If pictures appear among the lines below, leave them out while you return exactly the lines from the one with "[507615] - Dress" through the one with "Jordan 1 Low".

====== DATA FOR PROCESSING

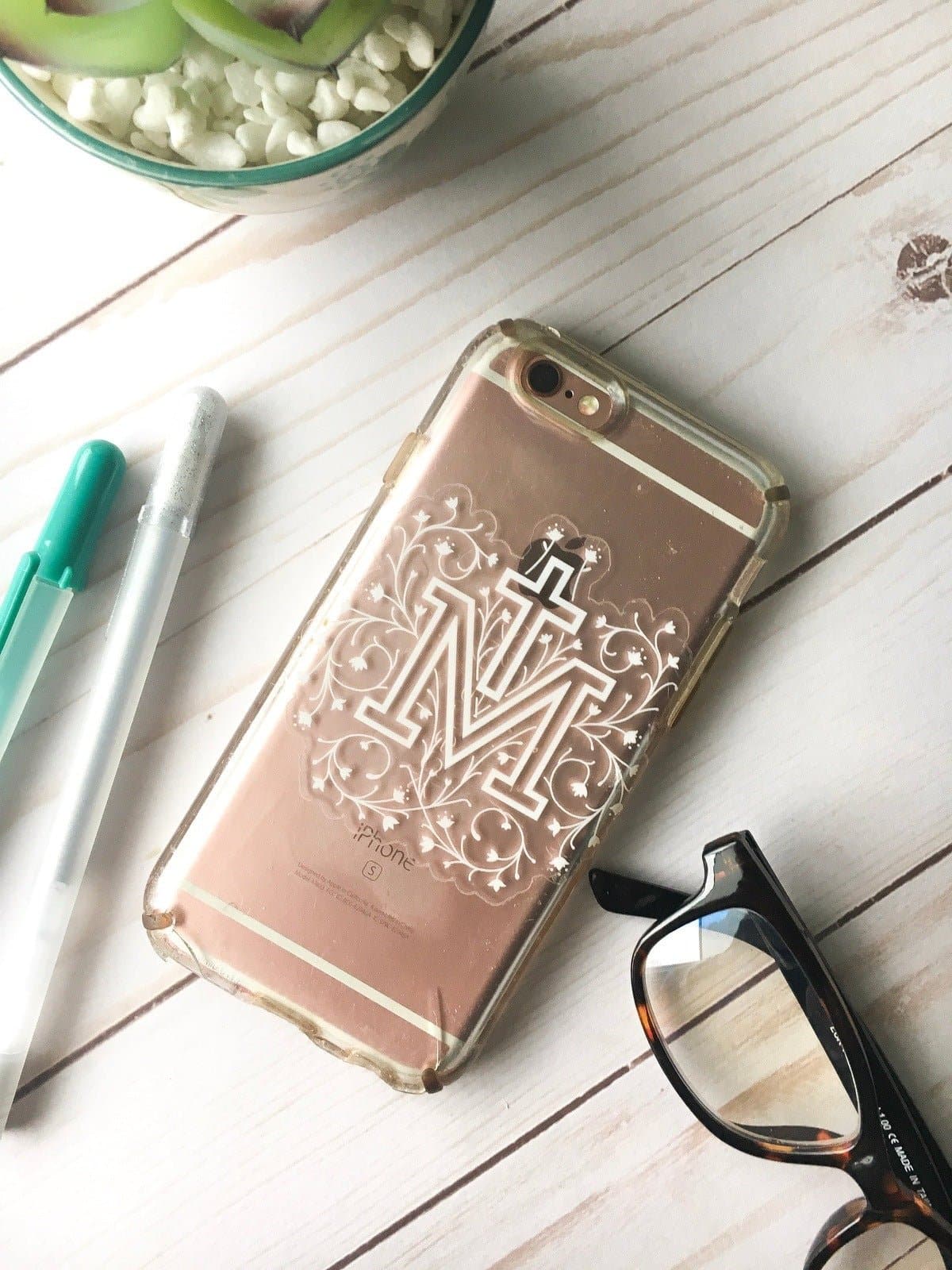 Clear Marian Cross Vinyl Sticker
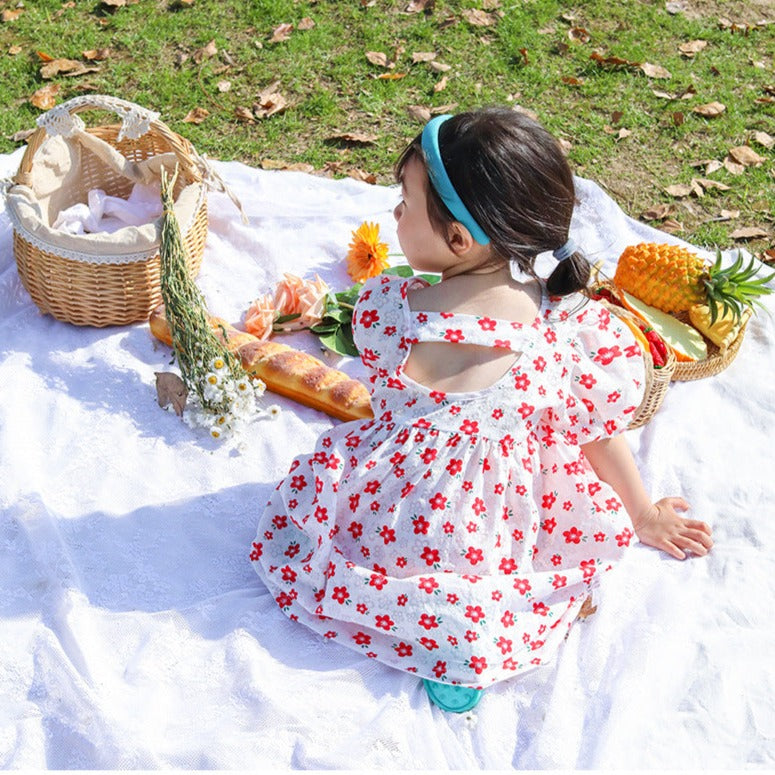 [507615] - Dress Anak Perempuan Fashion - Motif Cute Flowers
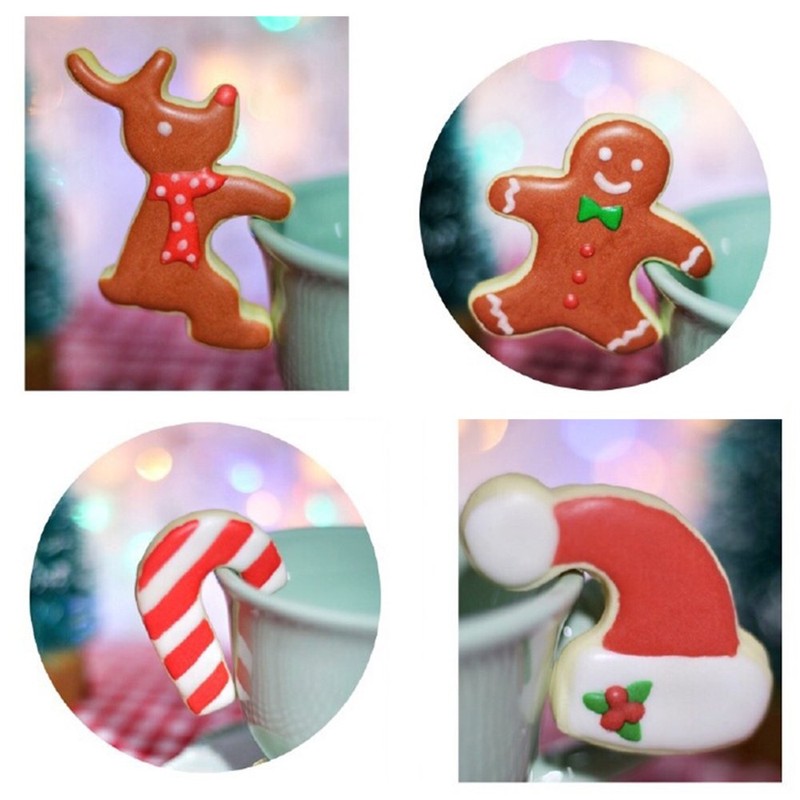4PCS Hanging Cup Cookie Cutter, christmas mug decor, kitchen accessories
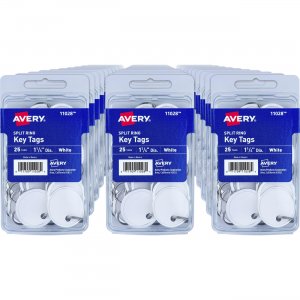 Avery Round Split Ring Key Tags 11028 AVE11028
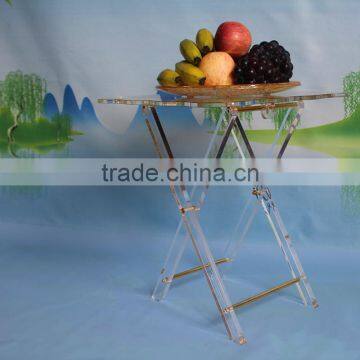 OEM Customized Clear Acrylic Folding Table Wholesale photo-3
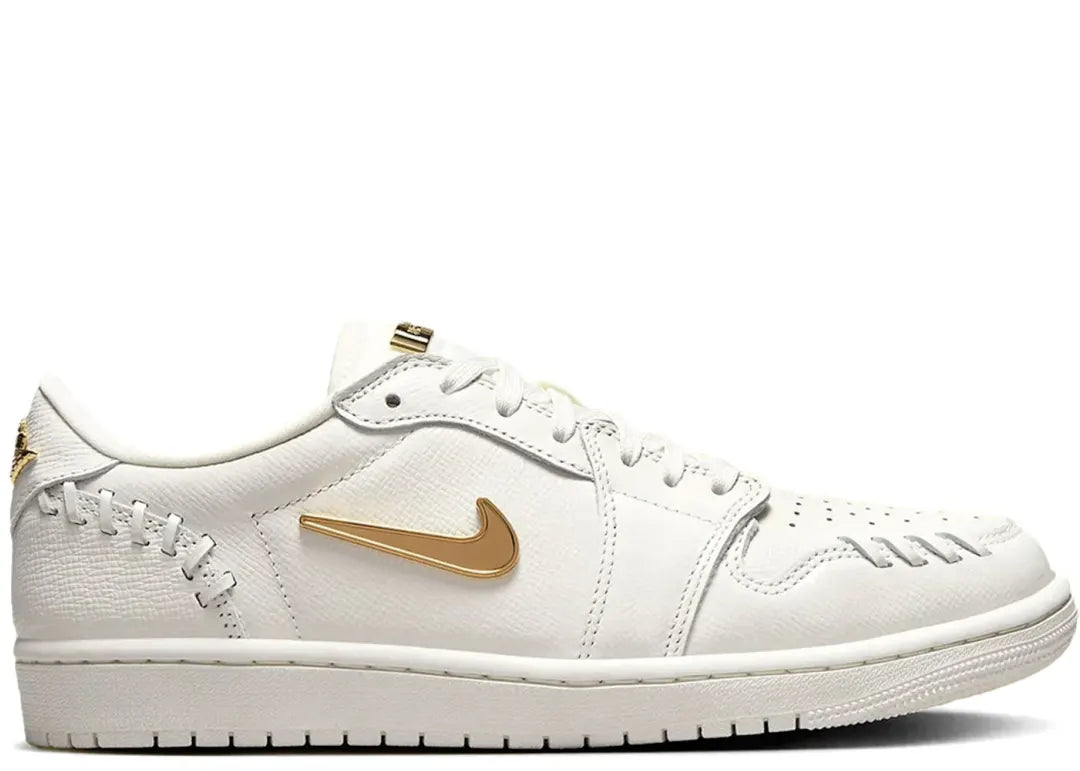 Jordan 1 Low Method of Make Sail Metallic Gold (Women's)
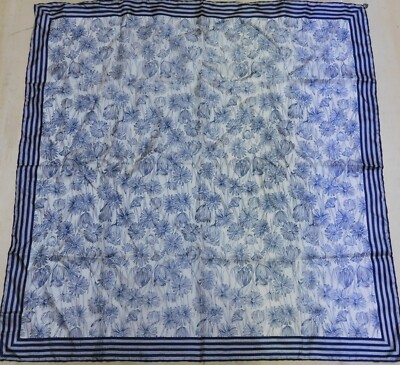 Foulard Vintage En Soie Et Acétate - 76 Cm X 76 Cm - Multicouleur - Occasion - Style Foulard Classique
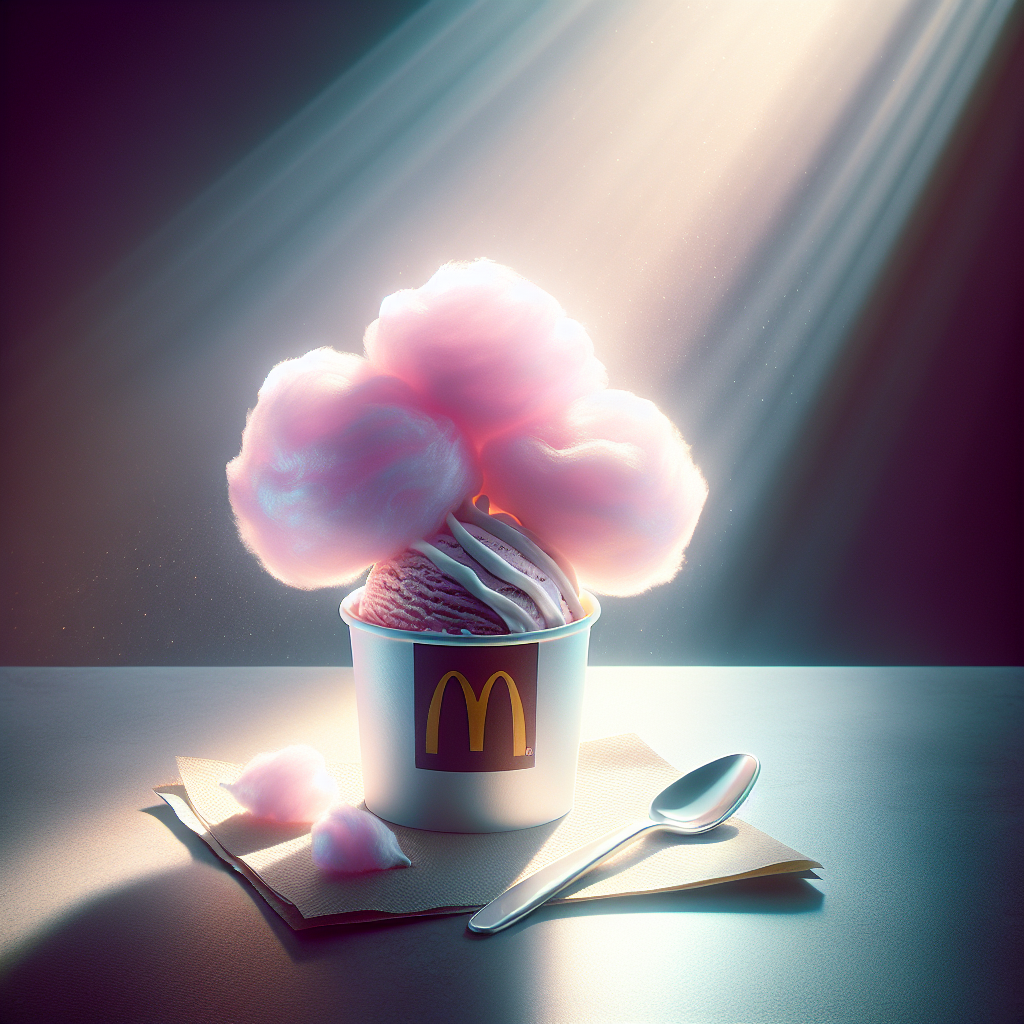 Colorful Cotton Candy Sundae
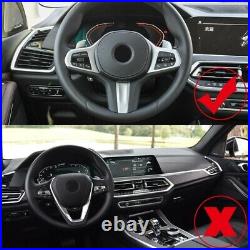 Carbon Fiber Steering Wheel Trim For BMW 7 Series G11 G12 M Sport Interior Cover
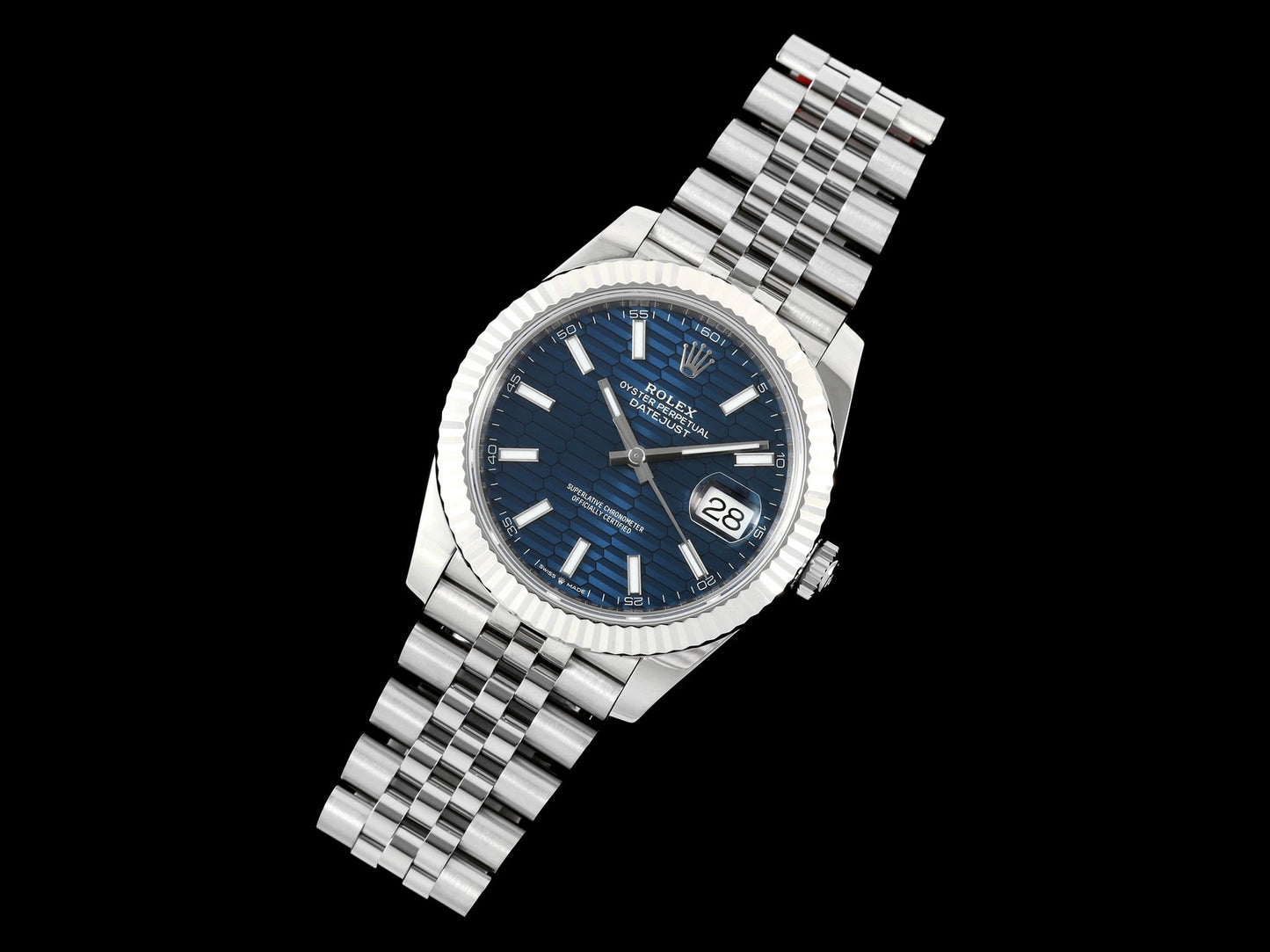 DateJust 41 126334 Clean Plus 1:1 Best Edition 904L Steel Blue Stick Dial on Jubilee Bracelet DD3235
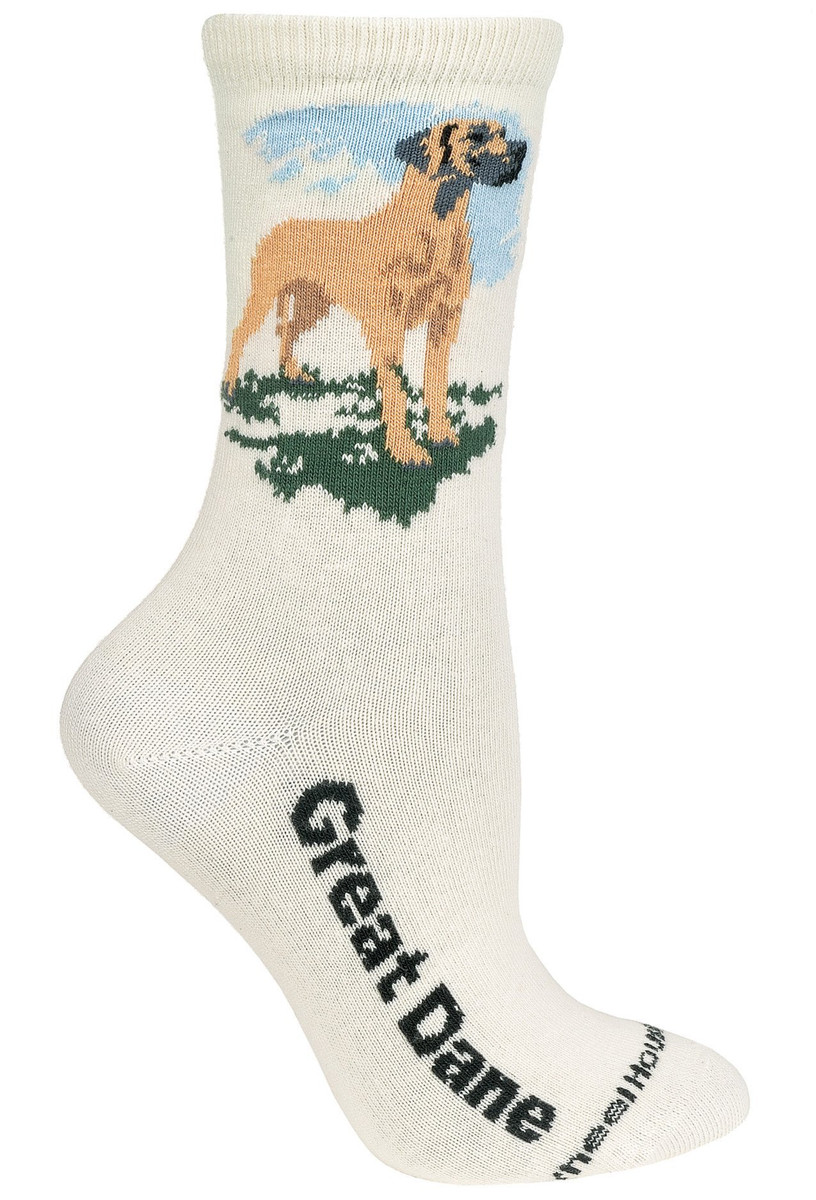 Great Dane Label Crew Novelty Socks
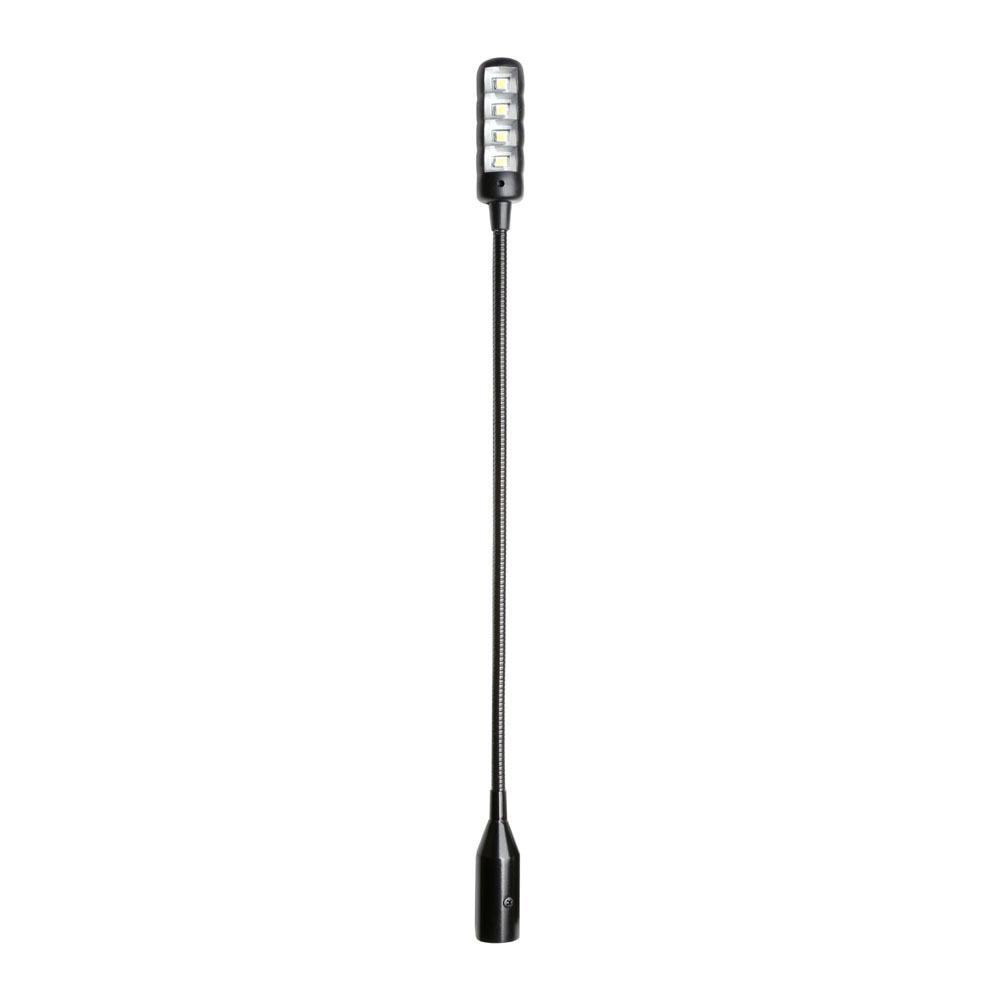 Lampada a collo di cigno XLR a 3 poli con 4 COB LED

============

> [YOUR RESPONSE]:
 [507615] - Dress Anak Perempuan Fashion - Motif Cute Flowers
4PCS Hanging Cup Cookie Cutter, christmas mug decor, kitchen accessories
 Avery Round Split Ring Key Tags 11028 AVE11028
 OEM Customized Clear Acrylic Folding Table Wholesale photo-3
 Jordan 1 Low Method of Make Sail Metallic Gold (Women's)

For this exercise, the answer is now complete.